ReadyFlow: Kafka to Kudu

This use case shows you how you can move your data from a Kafka topic into Apache Kudu in your Cloudera Public Cloud Real-time Data Mart cluster. You can learn how to create such a data flow easily using the Kafka to Kudu ReadyFlow.

This ReadyFlow consumes JSON, CSV or Avro data from a source Kafka topic, parses the schema by looking up the schema name in the Cloudera Schema Registry and ingests it into a Kudu table. You can pick the Kudu operation (INSERT, INSERT_IGNORE, UPSERT, UPDATE, DELETE, UPDATE_IGNORE, DELETE_IGNORE) that fits best for your use case. Failed Kudu write operations are retried automatically to handle transient issues. Define a KPI on the failure_WriteToKudu connection to monitor failed write operations.

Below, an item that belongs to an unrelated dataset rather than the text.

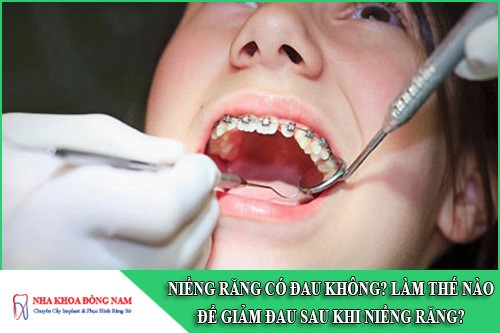 niềng răng có đau không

Kafka to Kudu ReadyFlow details
Source Kafka topic
Source Format JSON, CSV, Avro
Destination Kudu
Destination Format Kudu Table

Time series use cases analyse data obtained during specified intervals, and enable you to improve performance based on available data. Examples include:

  • Optimizing yield or yield quality in a manufacturing plant

  • Dynamically optimizing network capacity during peak load of better telecommunications uptime and services

These use cases require that you store events at a high frequency, while providing ad-hoc query and record update abilities.